Reiterating Cambodia’s support for the junta, Hun Sen said he would send Minister for Foreign Affairs Hor Namhong to defend Burma at the UN human rights conference in Geneva.

“Give [the junta] time to work,” Hun Sen said, while claiming that some of the Buddhist monks who had led the recent demonstrations in Burma were charlatans.

Ghai wrapped up his 10-day mission to Cambodia on Monday with a news conference during which he expressed his deep concern over the government’s handling of land issues and failure to reform the legal system.

The outspoken envoy also slammed Cambodia’s international aid donor community for remaining silent in the face of a “deteriorating situation” in the country regarding land grabbing. Ghai said that in­ternational aid donors were “deeply implicated” in the actions of the government.

In an e-mail statement released Wednesday, UN Resident Coor­din­ator Suomi Sakai said that the UN in Cambodia has a strong and productive partnership with the government.

The statement added that the UN in Cambodia recognized the government’s achievements to date and was committed to supporting the government in addressing the remaining development challenges.

“Respect for human rights continues to be one of the [UN’s] key priorities and we work closely with the Royal Government to assist leg­al and judicial reform in line with Cambodia’s Constitution and its ob­ligations under international treaties,” Sakai said.

During his news conference on Monday, Ghai lamented that not one member of the government would meet with him during his 10-day visit. Senior government officials denied that the envoy was snubbed, but one official said that no one wanted to meet Ghai.

Despite the government’s un­characteristically strenuous dismis­sal of Ghai assessment, members of the human rights and legal aid sectors in Cambodia said the UN envoy was correct in his analysis of the current situation.

“Criticism is necessary or there will be no improvement,” said Sok Sam Oeun, executive director of the Cambodia Defenders Project, who added that he agreed with Ghai’s analysis that there was a lack of the rule of law in Cambodia.

Hun Sen was wrong to suggest that Ghai was unqualified to comment on Cambodia because of his Kenyan nationality, Sok Sam Oeun said.

“People with experience of a poor country that has a history of conflict are in the best position to analyze Cambodia,” he said.
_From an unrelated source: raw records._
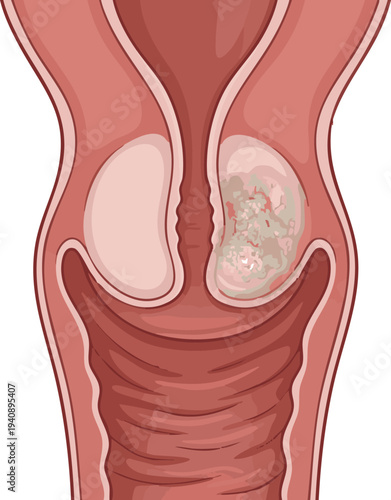 Illustration depicting a cancerous growth within the cervix, highlighting a medical concern for women's health and potential gynecological issues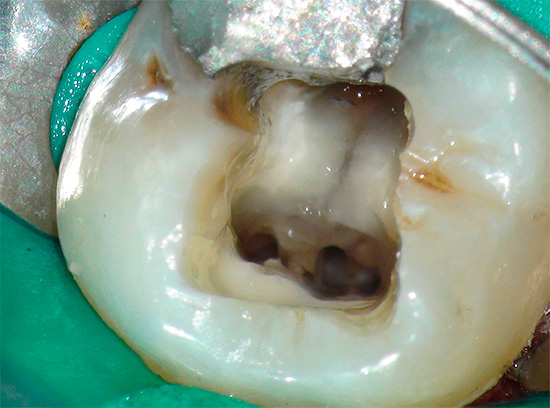 Ορισμένοι οδοντίατροι θεωρούν μικρό πόνο στο δόντι μετά την επεξεργασία και την πλήρωση των καναλιών ως απολύτως φυσικό και αποδεκτό.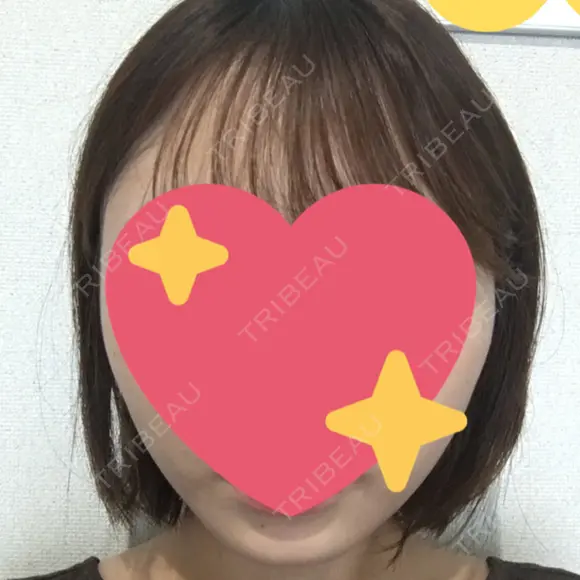 脂肪吸引（顔） / ボトックス（エラ・小顔） 銀座マイアミ美容外科 AFTER メイン用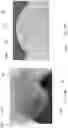Fig. 28 - FLARED PROSTHETIC CARDIAC VALVE DELIVERY DEVICES AND SYSTEMS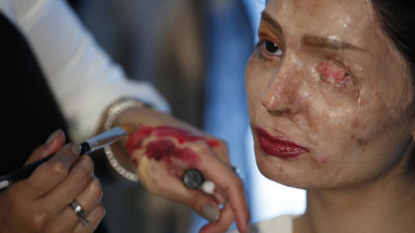 India Acid Attack Survivor Redefines Beauty at NY Fashion Week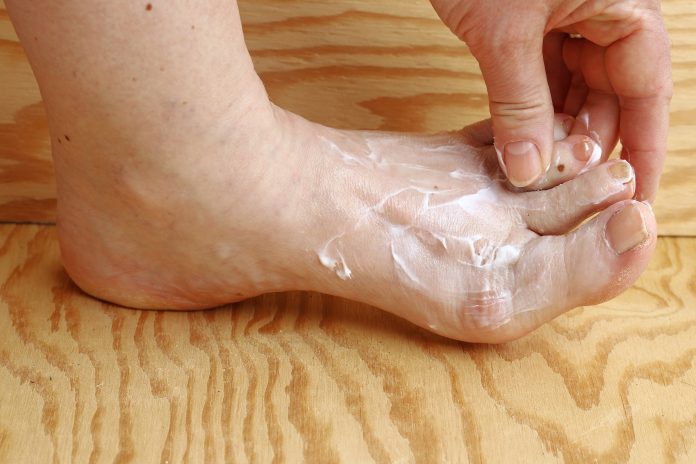 A woman puts some cream on her foot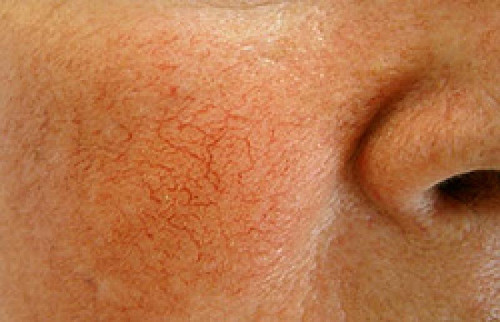 Дуже чутлива шкіра: причини і правила догляду за чутливою шкірою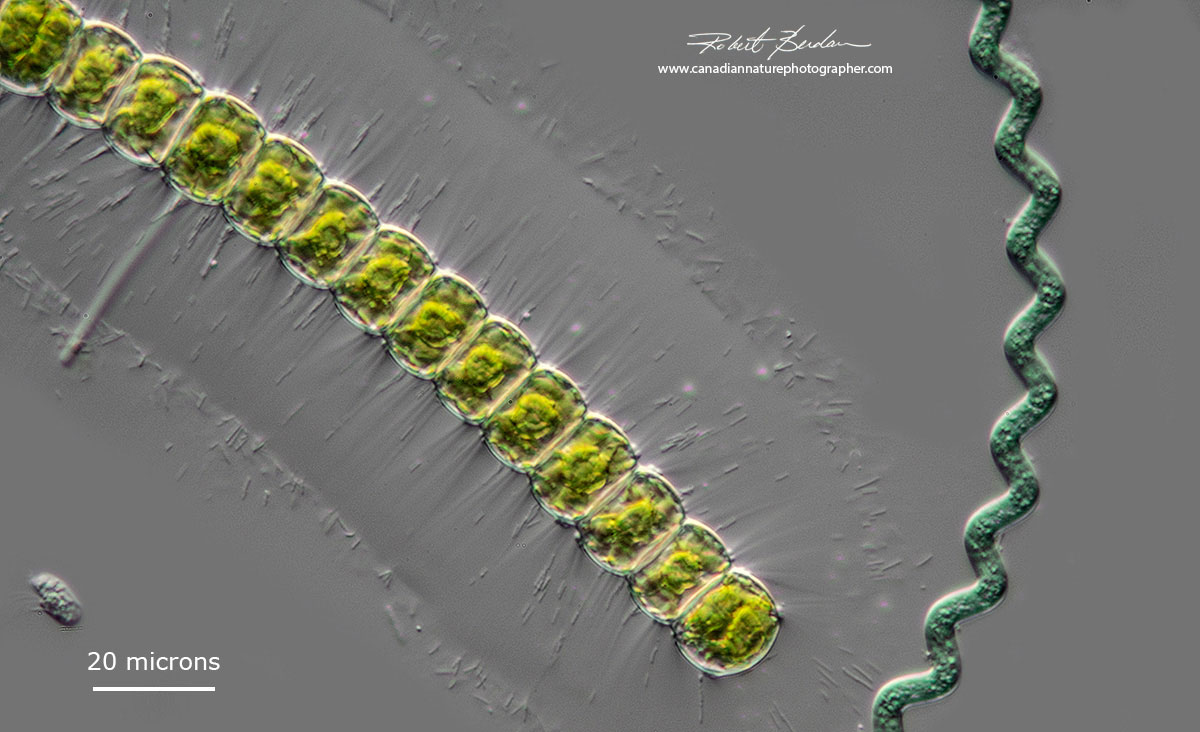 Arthrospira and Hyalotheca DIC microscopy Robert Berdan ©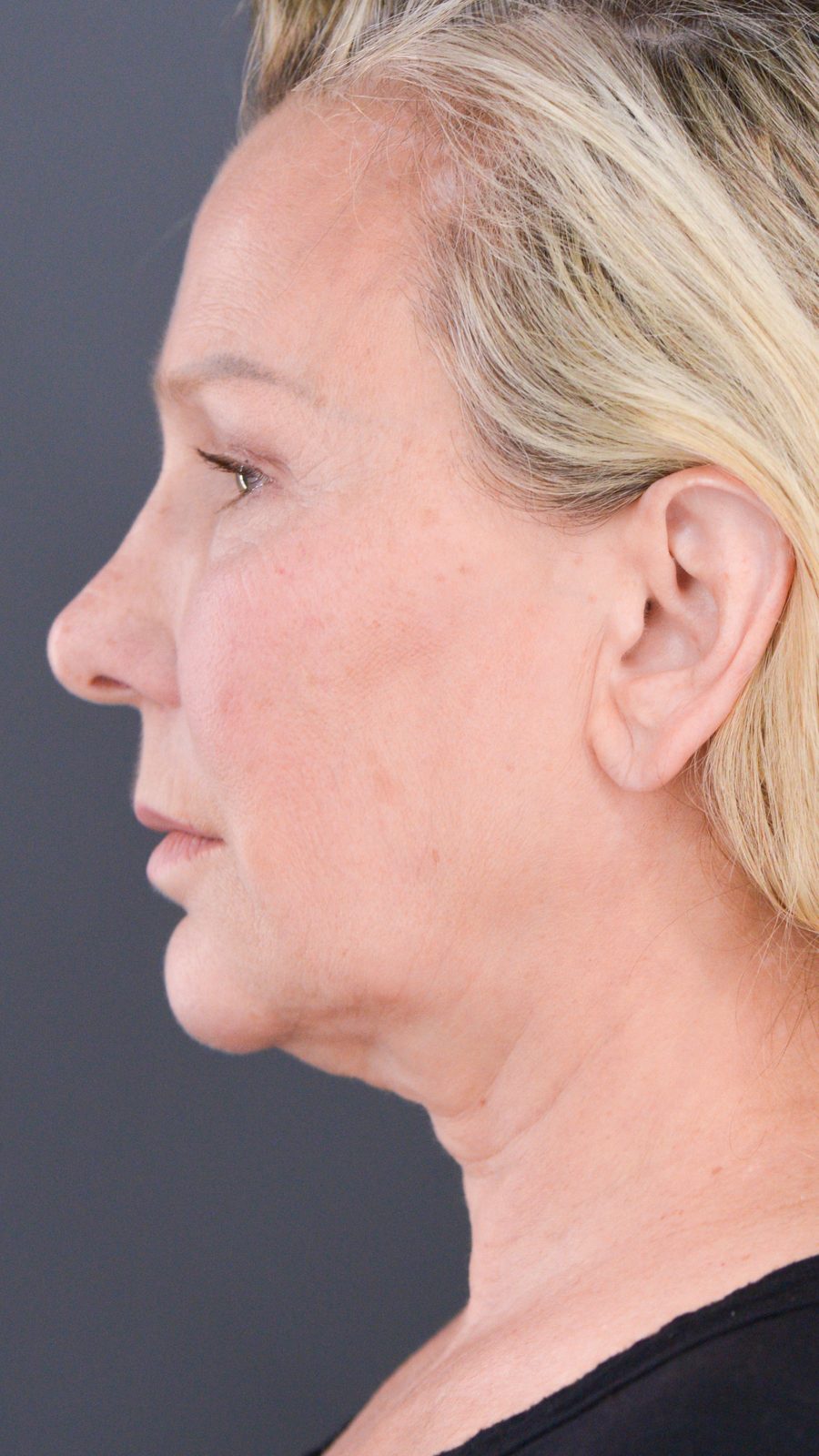 Ponytail Facelift before and after, case 09, view 6 (before)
Information Minister and government spokesman Khieu Kan­harith said that Ghai’s allegation that the government tolerated land grabbing was completely inappropriate for a UN envoy.

“If we are condoning land grabbing, then why are international representatives and NGOs still working with us?” he asked.

“[Ghai’s] role should be to help the government improve the situation but all he does is criticize,” he said. “He is representing the opposition parties here rather than the UN.”